Plaintiffs also argue that the court improperly expanded Congress's intent for the reach of the Act and that privacy statutes like this one should be read to provide consumers with the greatest privacy available under the statute. Nevertheless, Congress drafted the Fair Credit Reporting Act to give creditors permissible reasons to obtain debtors' consumer reports. In this case, plaintiffs agreed to enter into a credit relationship, failed to pay but continued to possess the collateral and sought to renegotiate the credit relationship. Plaintiffs have not shown why Congress would not have intended creditors to obtain their debtors' credit information in such circumstances.
Finally, plaintiffs argue that, under the court's argument in the order granting summary judgment, plaintiff Germain's request for a deed in lieu of foreclosure is sufficient to show that defendant had a permissible purpose for obtaining his consumer report under the Act.

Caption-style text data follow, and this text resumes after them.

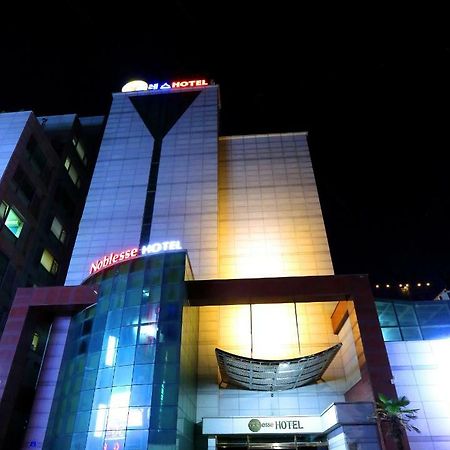 Noblesse Hotel Τζέτζου Εξωτερικό φωτογραφία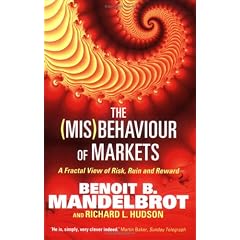 The (Mis)behaviour of Markets: A Fractal View of Risk, Ruin and Reward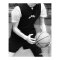 Bucketz Ball Park Tanktop Schwarz - schwarz
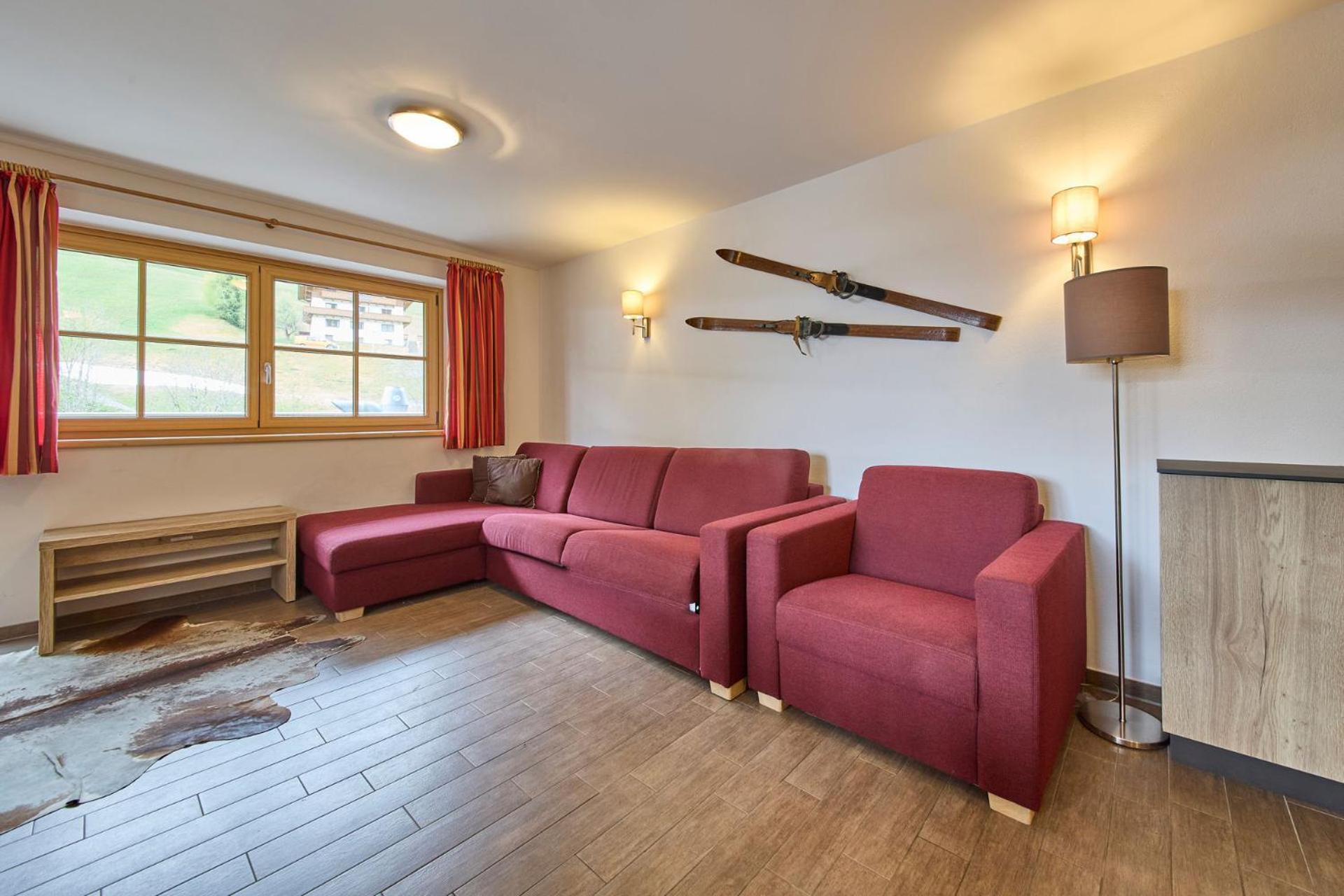 1 Apartment Saalbach
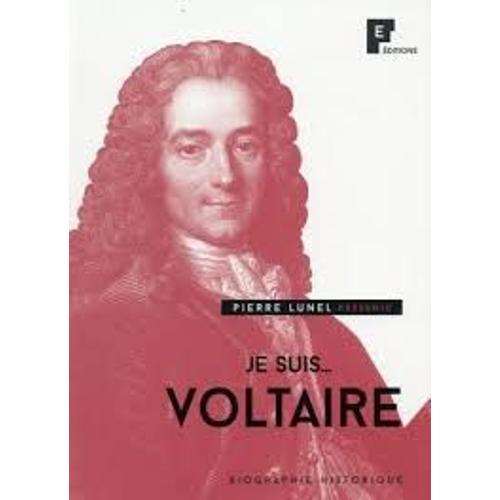 Je Suis - Voltaire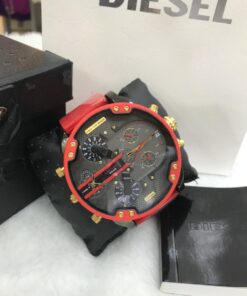 Réplica de Relógio Diesel 3 Bar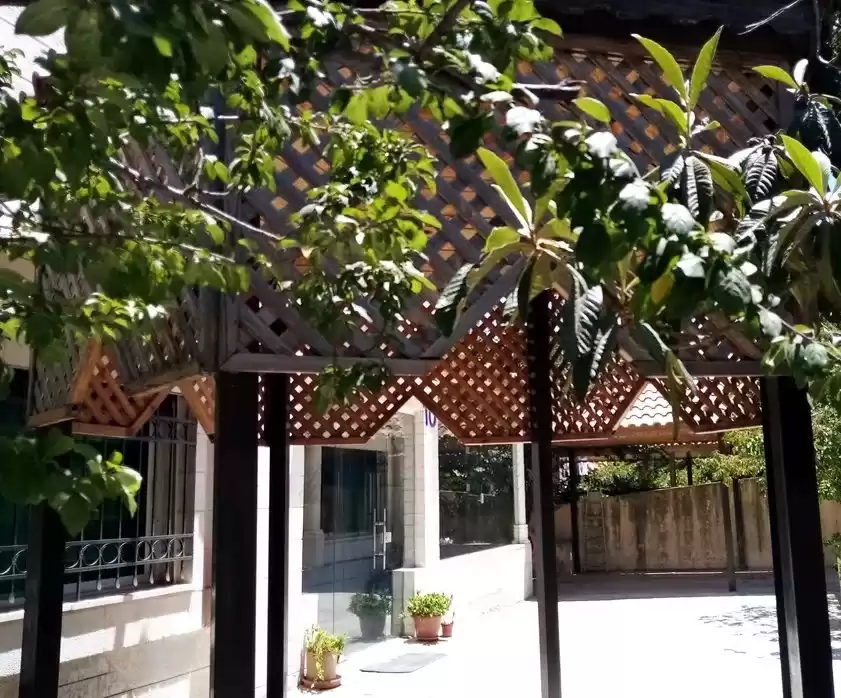 yerleşim Hazır Mülk 2 yatak odası U/F Apartman  satılık içinde Amman #27112 - 1  image 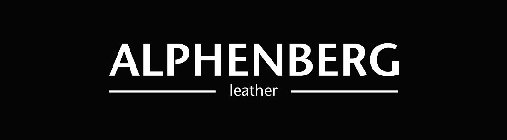 ALPHENBERG LEATHER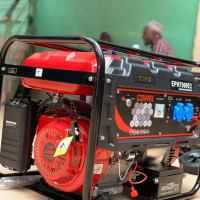Petrol Generator 7.5Kva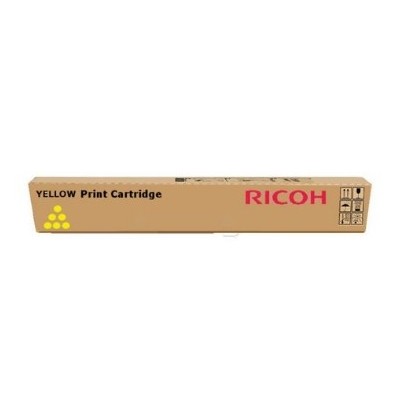 Ricoh 842049 cartuccia toner 1 pz Originale Giallo
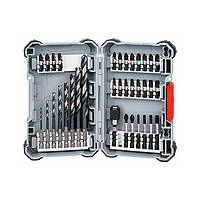 Набір біт і свердел Bosch Impact Control Кейс (35 шт.) (2608577148)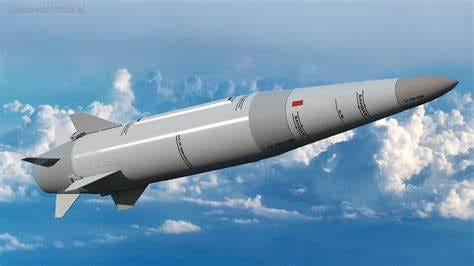 Kinzhal Kh-47M2 Nuclear Capable Hypersonic Missile 3D Model $79 - .3ds ...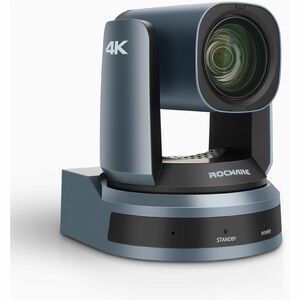 ROCWARE RC841U Video Conferencing Camera - 8.5 Megapixel - 30 fps - USB 3.0 Type C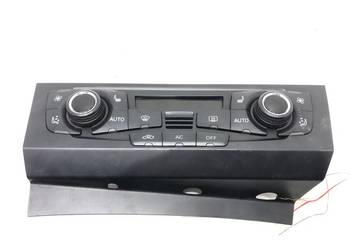 PANEL STEROWANIA NAWIEWU AUDI A5 8T 8T1820043R Sportowy/Coupe 07-17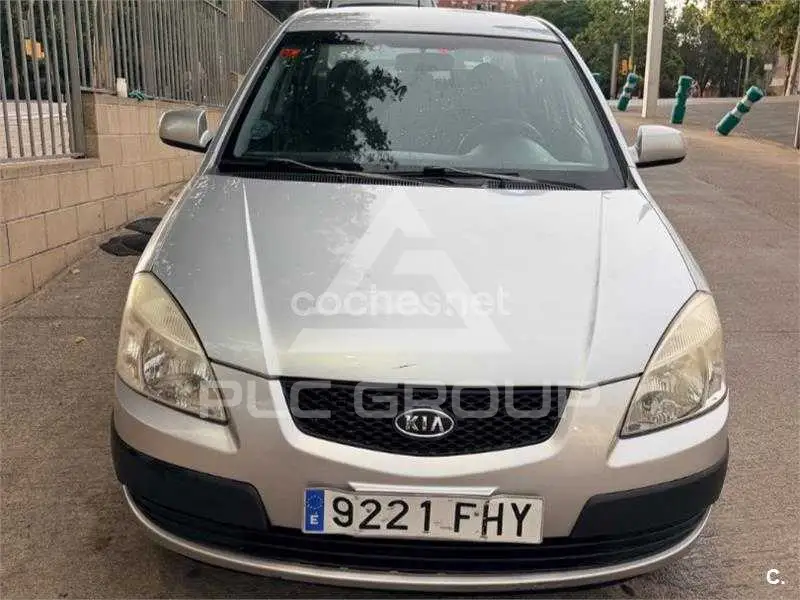 2006 KIA Rio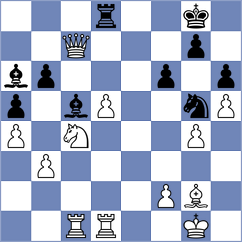 Andersen - Mendez Fortes (chess.com INT, 2022)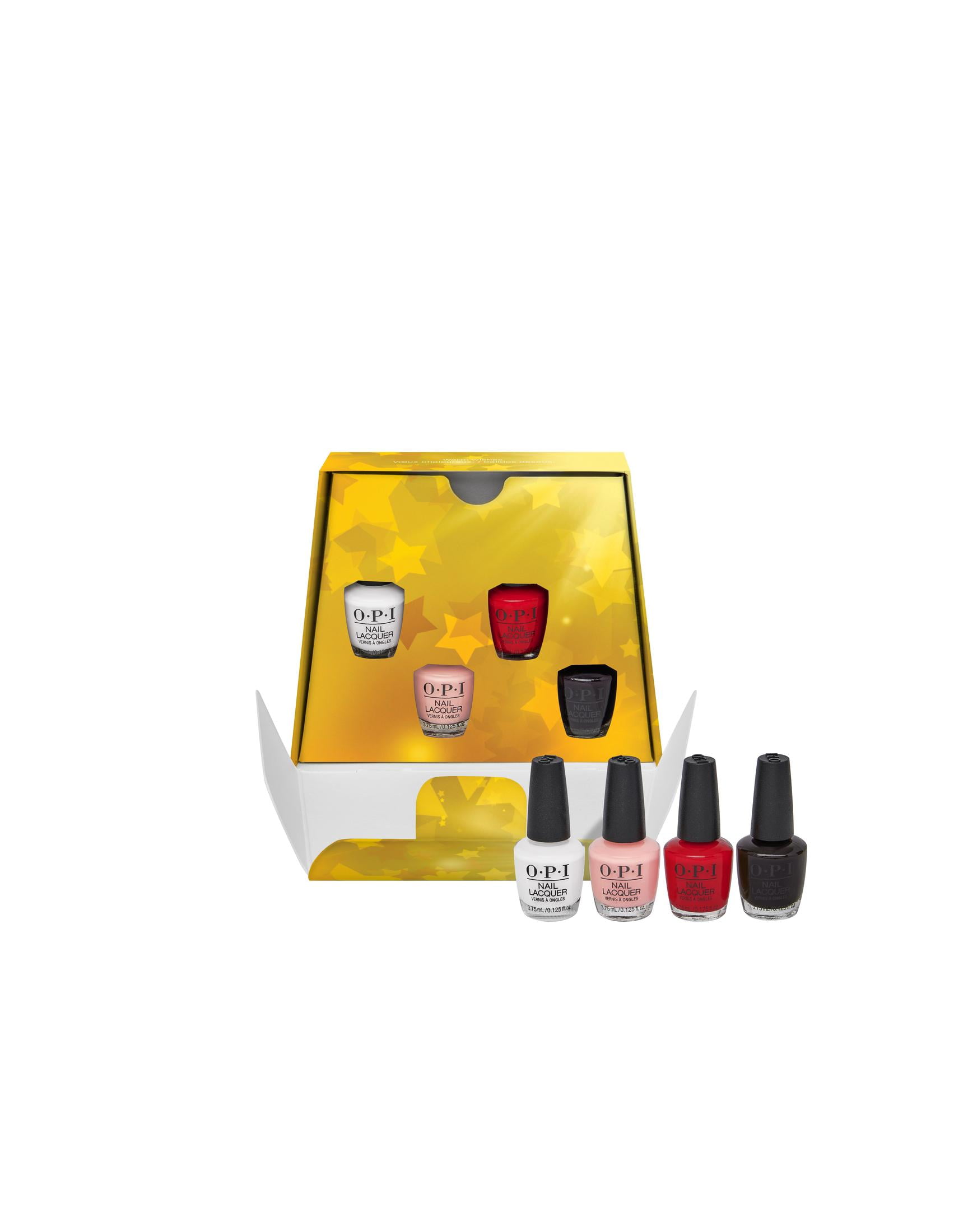 OPI Nail Lacquer, Wicked Nail Polish Mini Mani Gift Set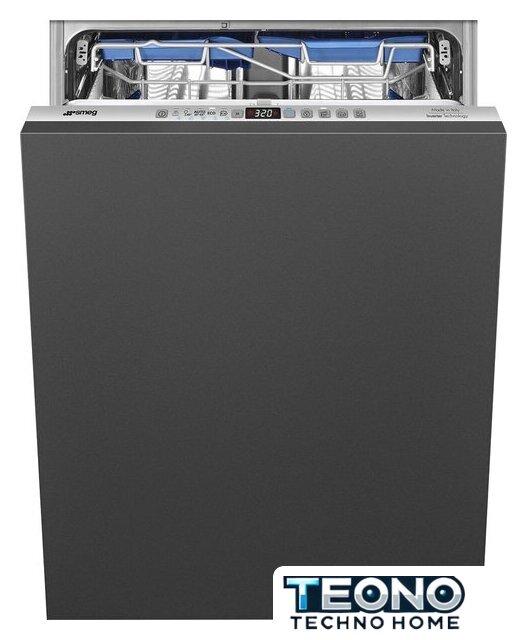 Встраиваемая посудомоечная машина Smeg ST323PM - Изображение №1 — Интернет-магазин Teono.by
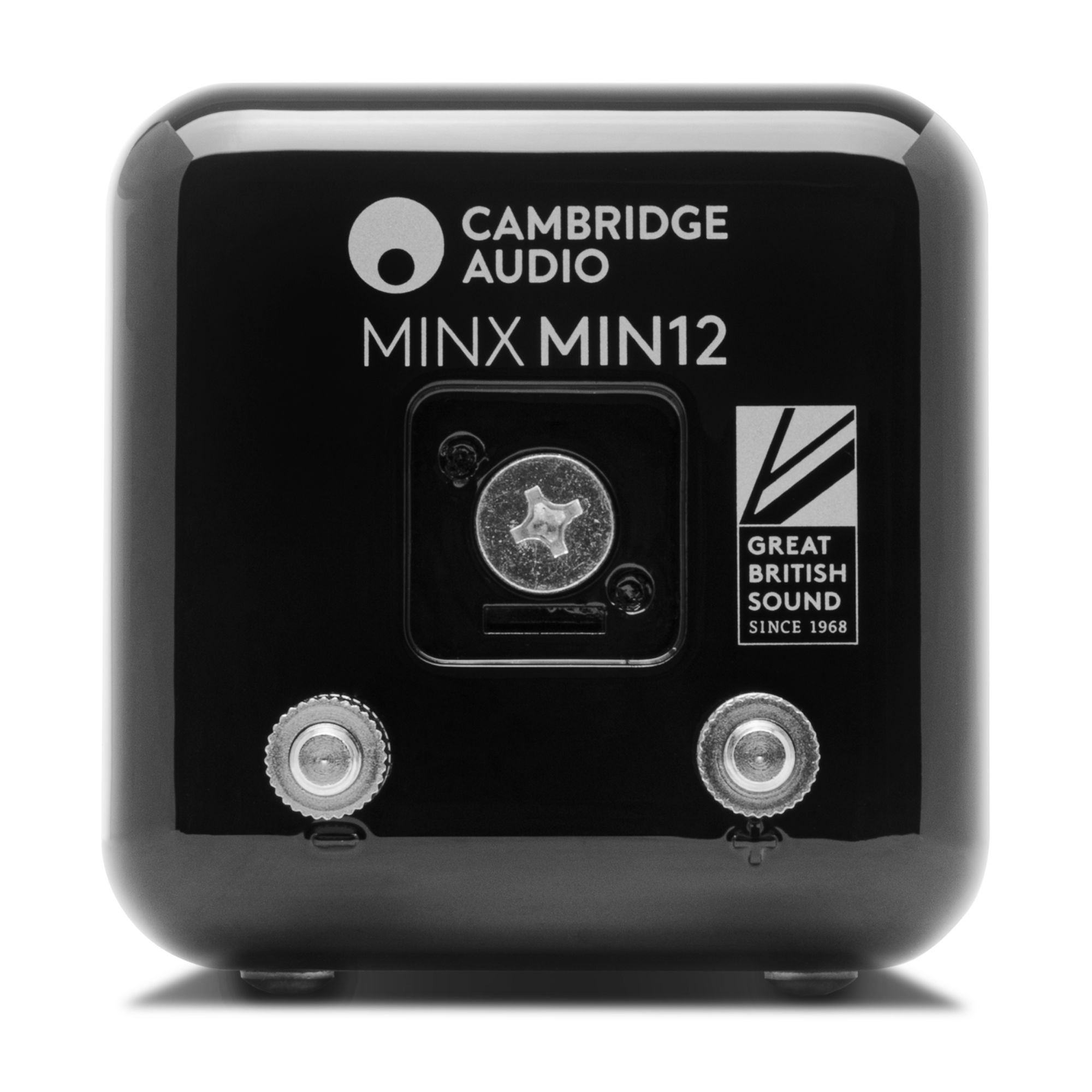Cambridge Audio Minx S212 2.1 Channel Speaker System - The Music Room
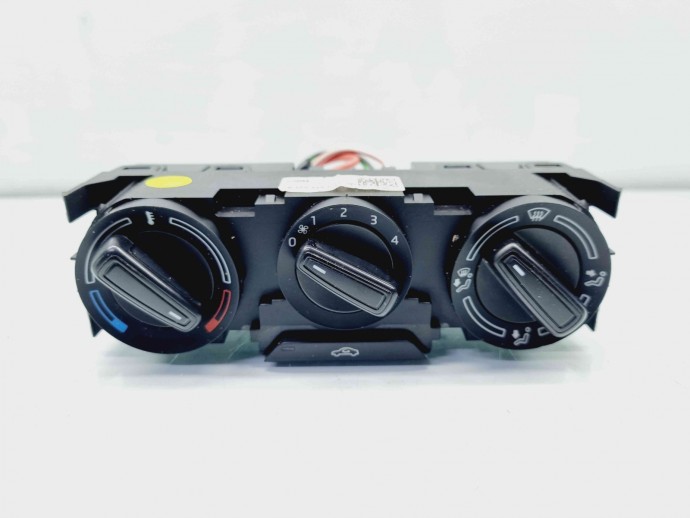  Panou comanda clima Skoda Fabia 3 (NJ3) [Fabr 2014-2022] 6V0819045B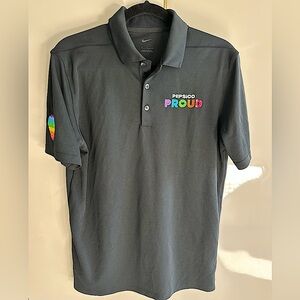 Nike PepsiCo Pride Polo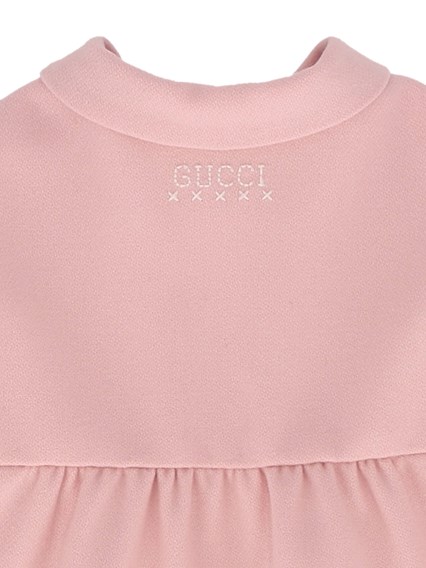 GUCCI KIDS B D/B COAT WOOL COAT
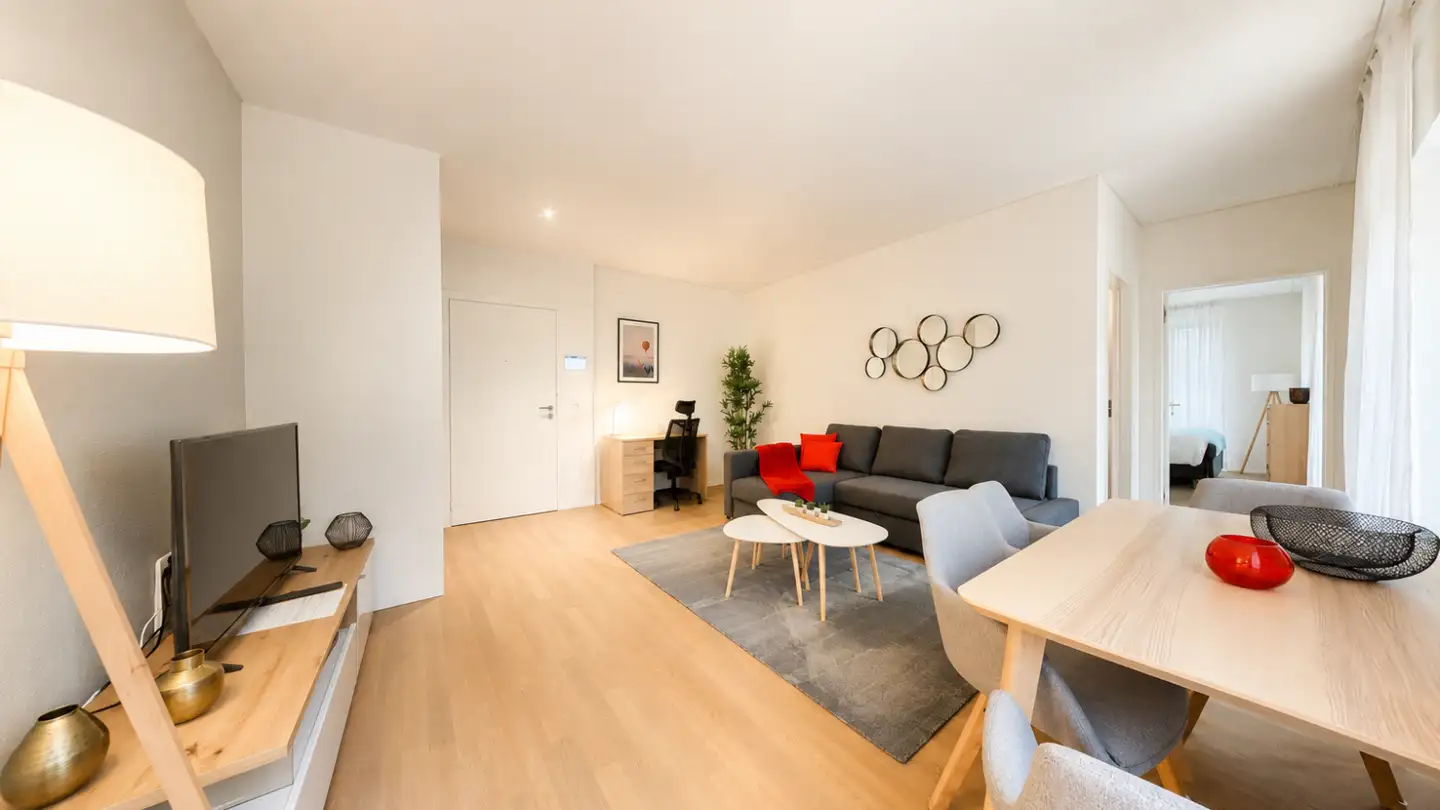 Appartement à louer - Rue Du Môle 2, 2000 Neuchâtel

Because plaintiffs alleged that fact in their amended complaint yet the court did not grant dismissal, they say the court's orders on dismissal and summary judgment are incongruous. I denied the motion to dismiss because "[n]either the complaint nor the bankruptcy court records identif[ied] the reason why defendant pulled plaintiffs' credit reports." Dkt. #36, at 7. At summary judgment, defendant adduced evidence that their purposes were permissible under the Act and plaintiffs failed to genuinely dispute that evidence, so defendant was entitled to judgment. Plaintiffs' argument is not a reason to alter that conclusion.
Even if the court erred in any of its conclusion, summary judgment should be granted in defendant's favor because plaintiffs have adduced no evidence that defendant acted willfully, as required under the Act when plaintiffs experience no actual damages, as is true in this case. 15 U.S.C. § 1681n(a). The question is whether defendant knowingly or recklessly violated plaintiffs' rights, or, in other words, whether the defendant knew or should have known of an "unjustifiably high" risk that a violation of the Act would occur.
Accordingly, I am denying plaintiff's motion to alter or amend the judgment. Because plaintiffs have not shown that their claims have any merit, they have not shown why the court should reconsider the order denying certification, so I am denying their motion in this respect as well.
IT IS ORDERED that plaintiffs Jon Germain's and Amber Rhy's motion to alter or amend the judgment and reconsider the order on certification, dkt. #78, is DENIED.